For as long as he can remember, Colin Taylor has had a fascination with art and the possibilities it offers. Having graduated from Nottingham Trent University with a degree in Fine Art and Drama, he worked for a short time as an Artist in Residence for Nottinghamshire schools and also as a part time lecturer in art history.
 
During this time Colin came across a book by the Australian artist Sydney Nolan and was struck by Nolan’s use of the landscape as a backdrop for his series of paintings about the bushranger, Ned Kelly. Colin was interested in the way that Nolan interpreted that landscape as a backdrop for a narrative in much the same way as a set design works in the theatre. 
 
The nineties marked changes in Colin’s personal direction and circumstances. A move to Manchester also marked a career shift following a friend’s advice to earn more than an artist’s wage by selling advertising space for the Manchester Evening News.

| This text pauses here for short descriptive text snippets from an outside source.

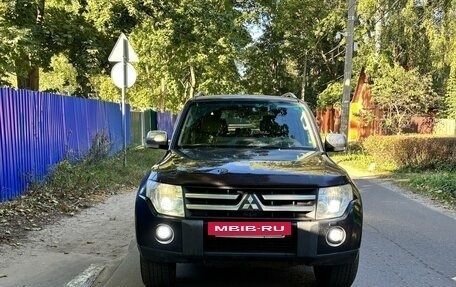 Mitsubishi Pajero IV, 2007 год, 1 050 000 рублей, 2 фотография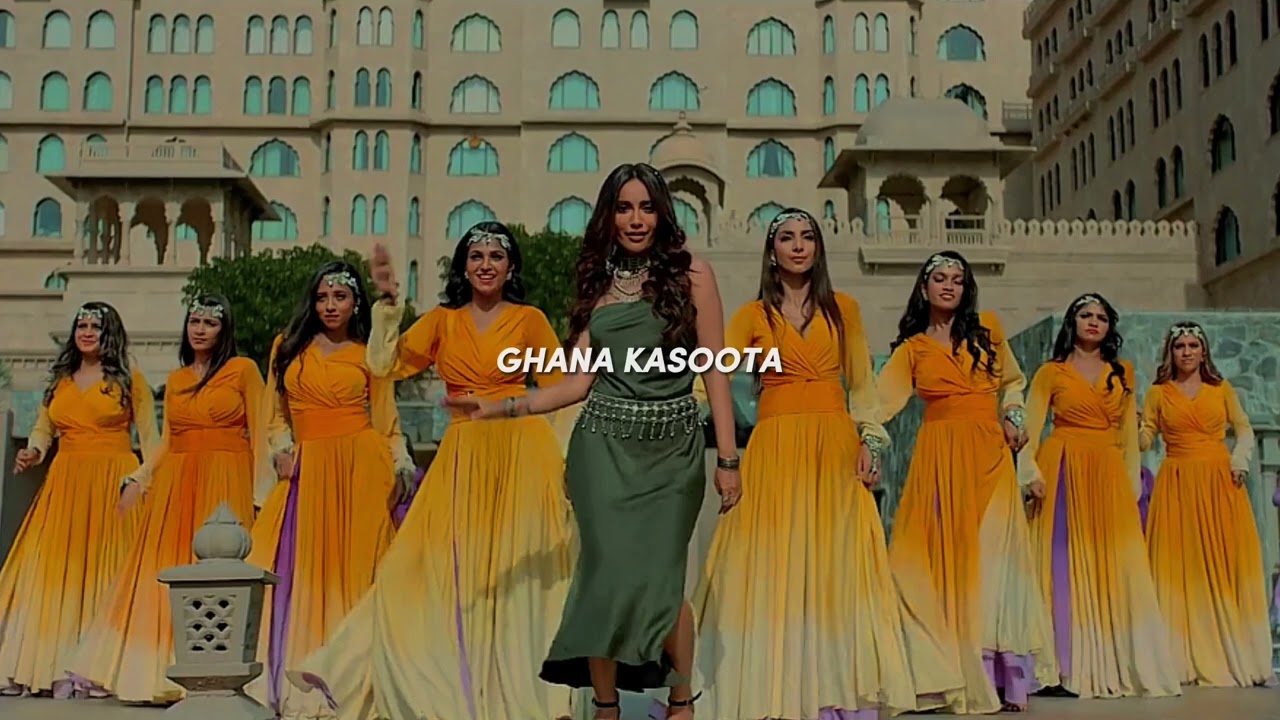 Ghana Kasoota (Slowed+Reverb) | Raftaar | Avvy Sra | Sony Music India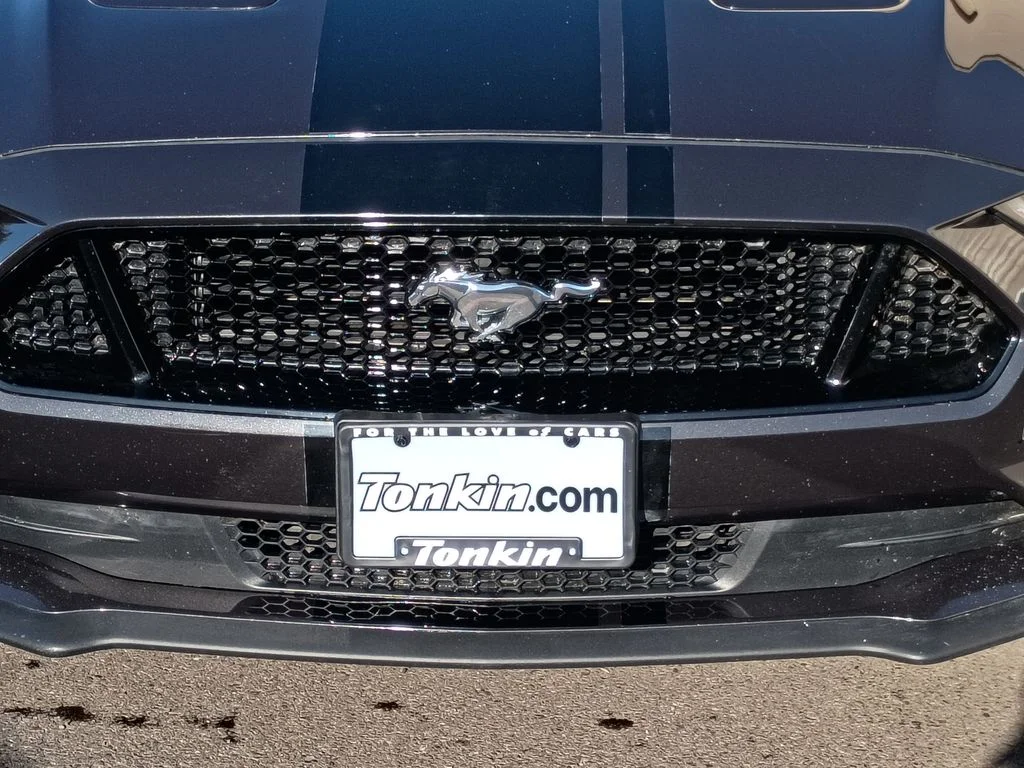 Used 2022 Gray Ford GT Premium image 11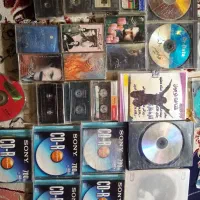 دستگاه سیدی 3دیسک و ویدئو رنگ سیلور درحدنو درکارتن|صوتی و تصویری|محمدشهر, شهرک چمران|دیوار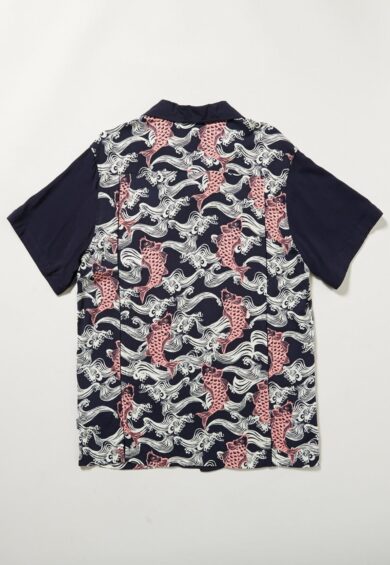 Japanese Koi Shirt – Shirt | Kitty Darling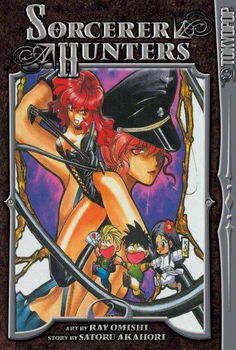 Sorcerer Hunterssorcerer 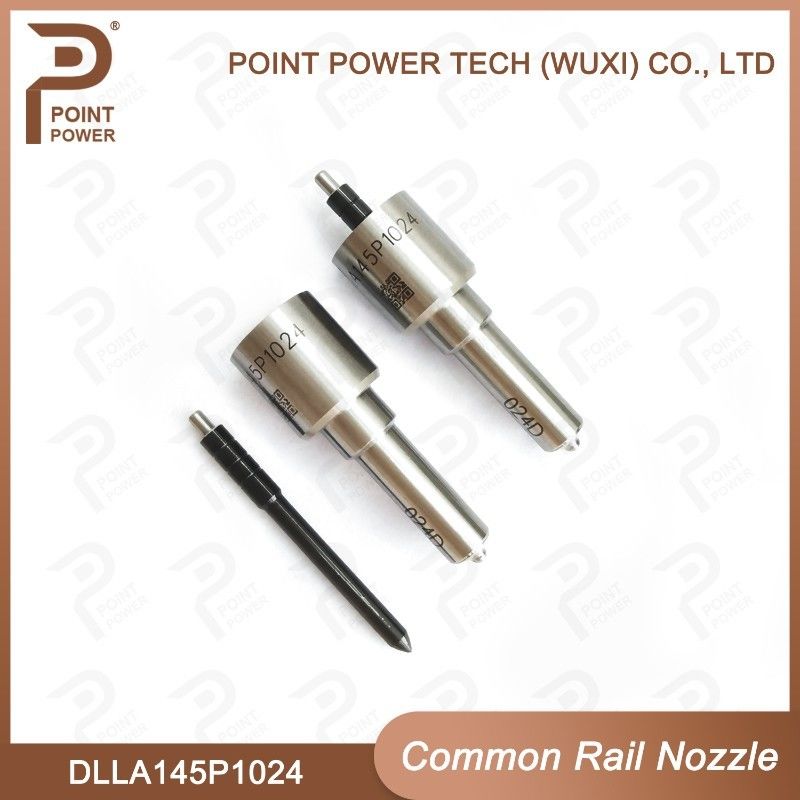 DLLA145P1024 普通鉄道用燃料注入用ノズル 095000-5931/588# 23670-0L010/070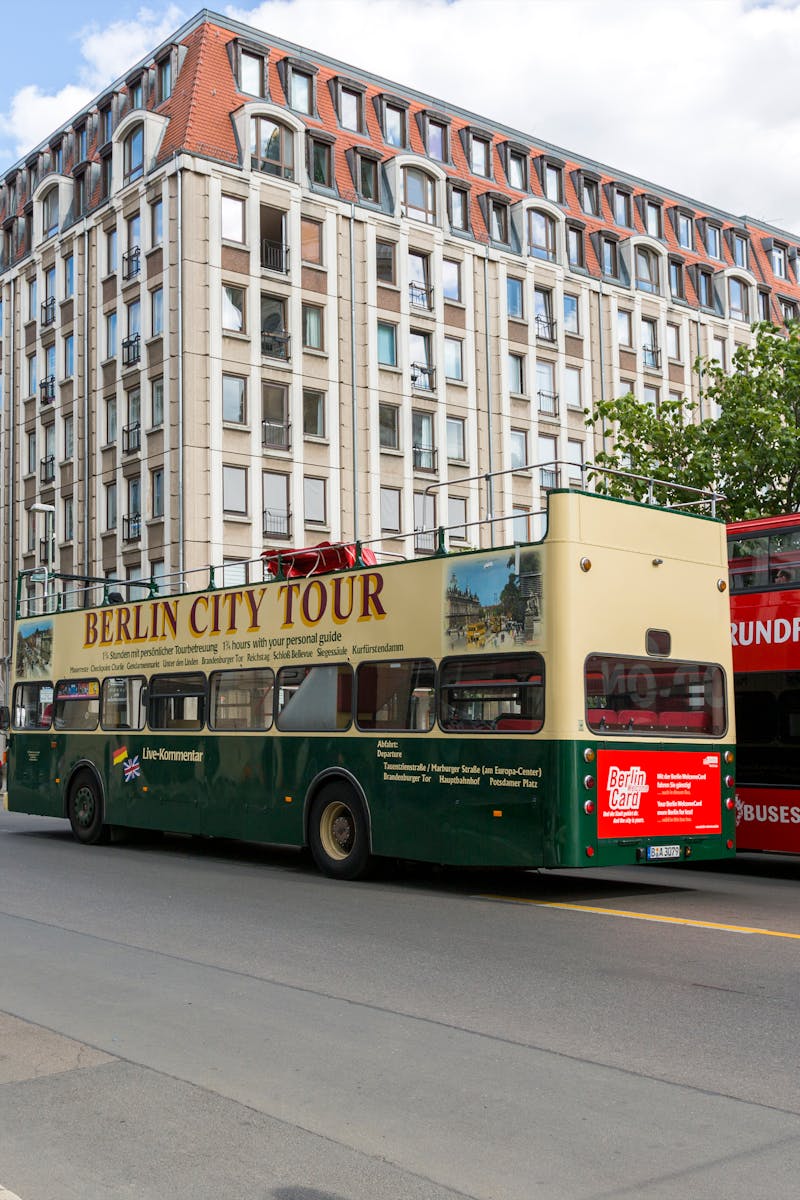 Bus Vacation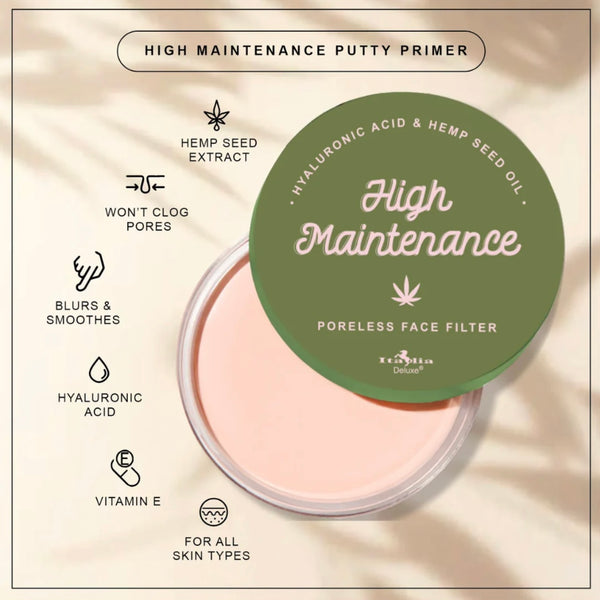 High Maintenance Poreless Putty Primer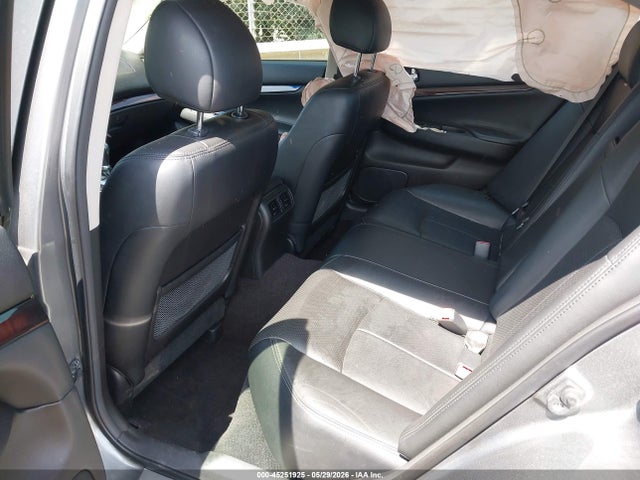 Aukcja sprzedaży 2012 Infiniti G37 Journey, vin: JN1CV6AP6CM620543, numer aukcji: 45251925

This non-art career evolved as Colin gained experience in regional economic development and destination or ‘place’ marketing for the leisure and tourism sectors.
 
By this time Colin had developed two parallel identities; the man who went to work in the morning in a shirt and tie and the messy painter in t-shirt and jeans......he was also spending more and more time travelling and climbing mountains.
 
Looking back it now seems inevitable that the landscapes and cityscapes in his artwork would merge with the natural mountainous landscapes in which he was walking. The opportunity to turn his love of mountains into a business followed and took Colin to some of the world’s most remote and dramatic landscapes. Although he didn’t know it at the time, this was to be the catalyst his arts practice needed and it began to re-invent itself. 
 
Colin has come to believe that it is possible to paint ‘about’ a place but impossible to actually paint what you see in a moment. When time, light, mass and space are ever changing, is it possible to transfer the experience of a 20,000 ft mountain to a canvas?  His drawings and paintings are executed rapidly relying on instinct and Colin’s own experience of the subject. The narrative is still there, except that the landscape itself, has moved centre stage.  
 
Colin now divides his time between his twin passions of art and mountaineering, each one influencing the other.